Source material:
···
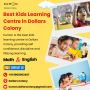 Best Kids Learning Centre in Dollars Colony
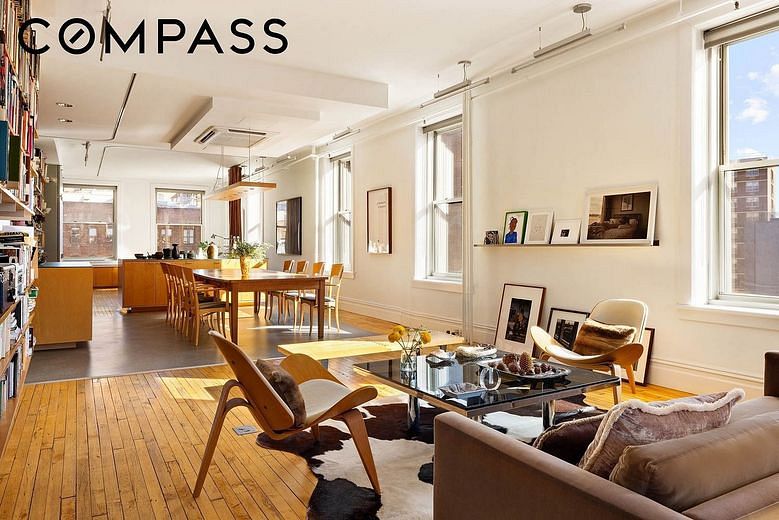 28 East 4th Street #7E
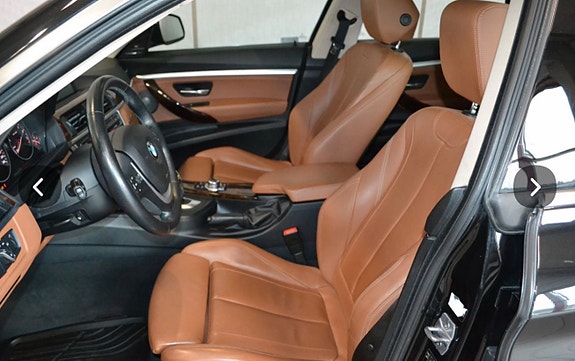 BMW 328i 2 of 5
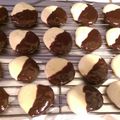 shannon.aguilera's cooksnap of when they made Italian Butter Cookies.
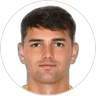 Sergio Kalaj, Defender for Frosinone Calcio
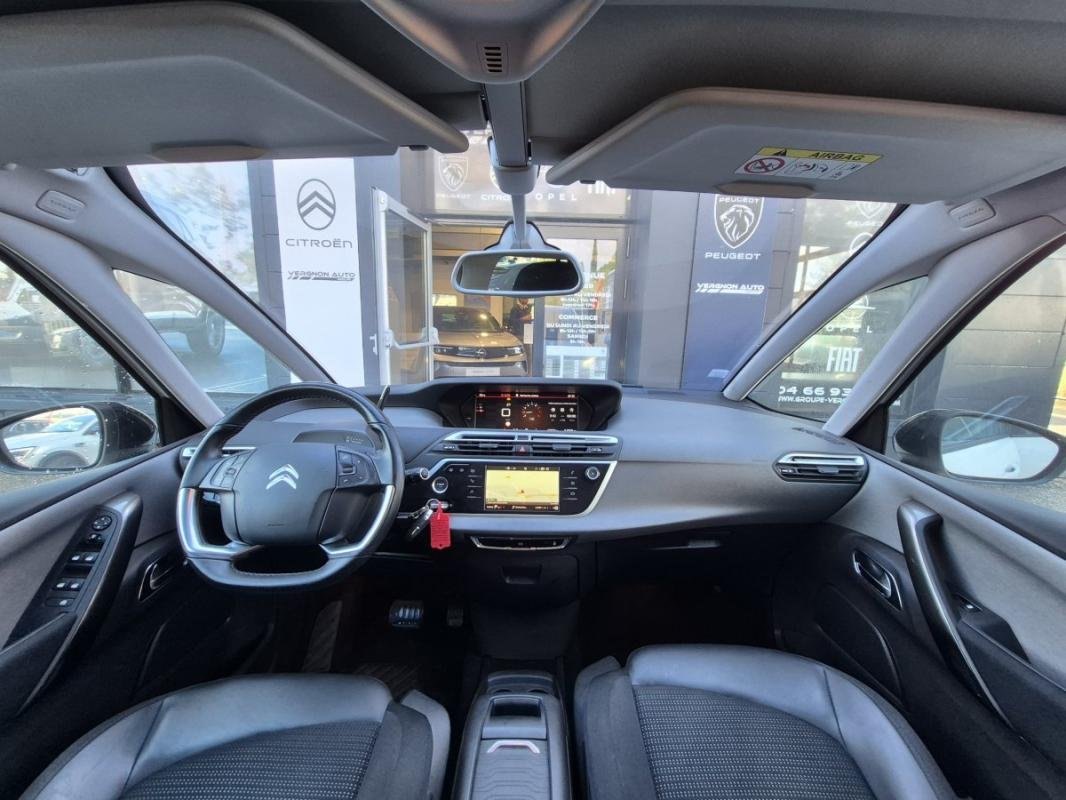 Citroën Grand C4 SpaceTourer - Photo 4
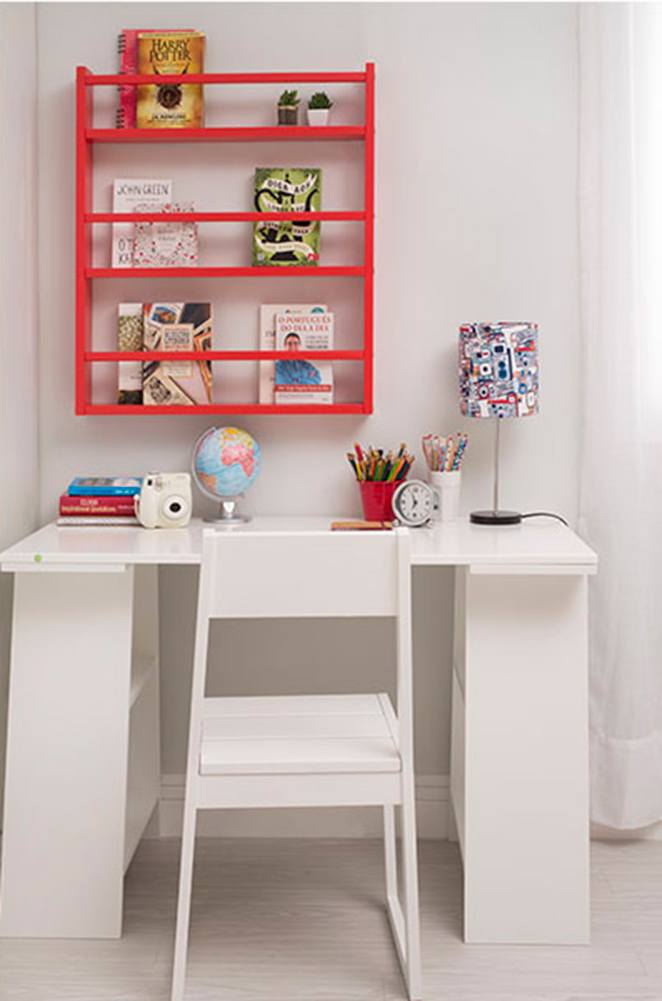 As melhores lâmpadas LED para otimizar seu foco nos estudos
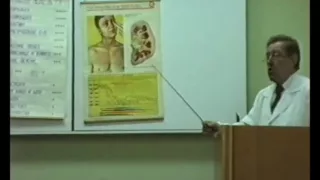 Кузнецов Виталий Павлович -  геморрагические лихорадки (2001)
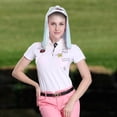 thumbnail image 3 of Protector solar Golf Pañuelo de seda helada para hombres y mujeres Turbante protector solar Máscara de seda helada Wmkox8yii jkg1452, 3 of 9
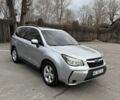Сірий Субару Forester, об'ємом двигуна 2.5 л та пробігом 118 тис. км за 15000 $, фото 1 на Automoto.ua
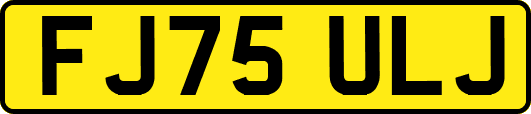 FJ75ULJ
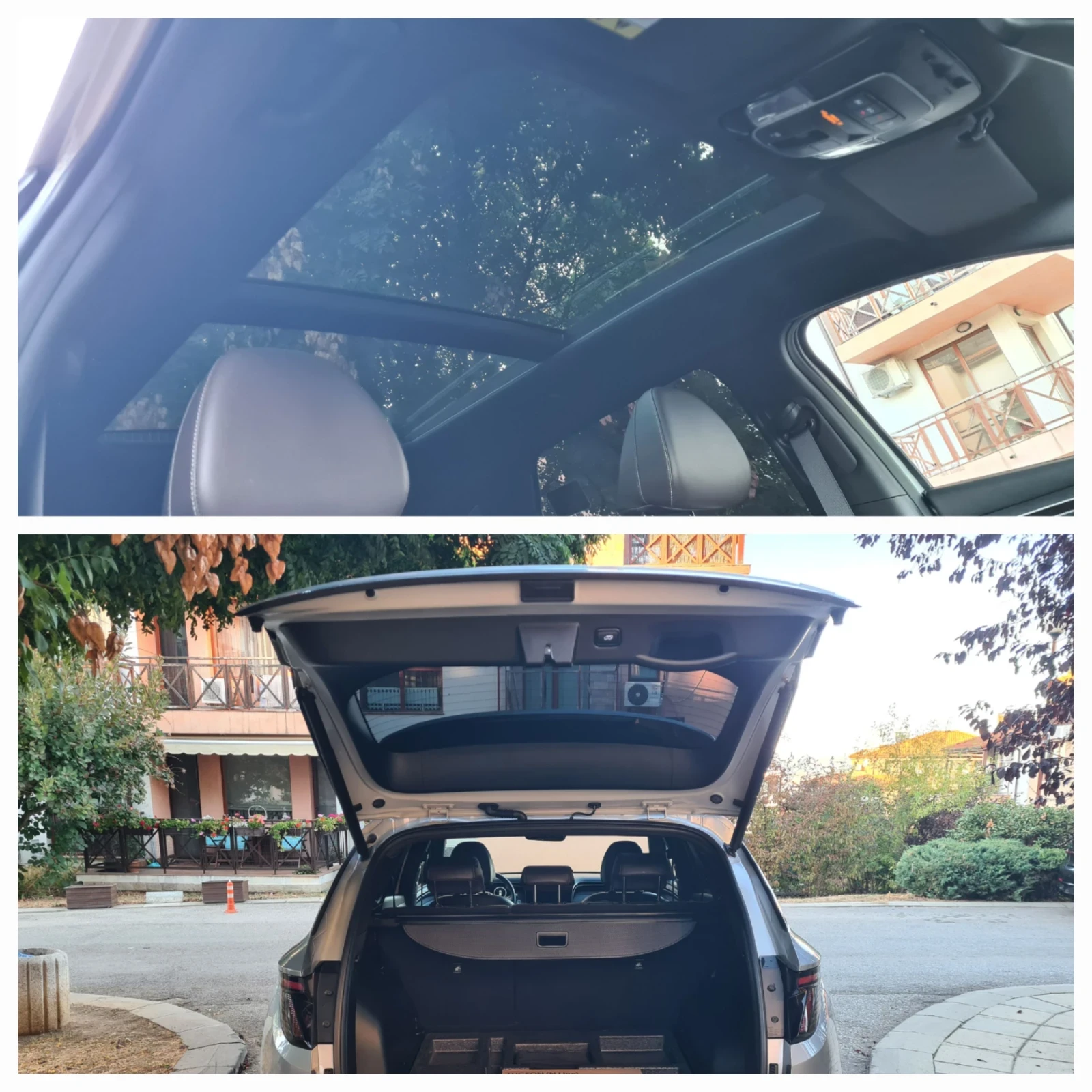Hyundai Tucson 2.0 CRDI 4�4  | Mobile.bg � ����������� 17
···
Aim of the exercise:
What this calls for is a word-for-word copy of the listing above, pictures excluded.

Response to this task:
 Best Kids Learning Centre in Dollars Colony
 28 East 4th Street #7E
 BMW 328i 2 of 5
 shannon.aguilera's cooksnap of when they made Italian Butter Cookies.
 Sergio Kalaj, Defender for Frosinone Calcio
 Citroën Grand C4 SpaceTourer - Photo 4
 As melhores lâmpadas LED para otimizar seu foco nos estudos
 Кузнецов Виталий Павлович -  геморрагические лихорадки (2001)
 thumbnail image 3 of Protector solar Golf Pañuelo de seda helada para hombres y mujeres Turbante protector solar Máscara de seda helada Wmkox8yii jkg1452, 3 of 9
Сірий Субару Forester, об'ємом двигуна 2.5 л та пробігом 118 тис. км за 15000 $, фото 1 на Automoto.ua
 FJ75ULJ
Hyundai Tucson 2.0 CRDI 4�4  | Mobile.bg � ����������� 17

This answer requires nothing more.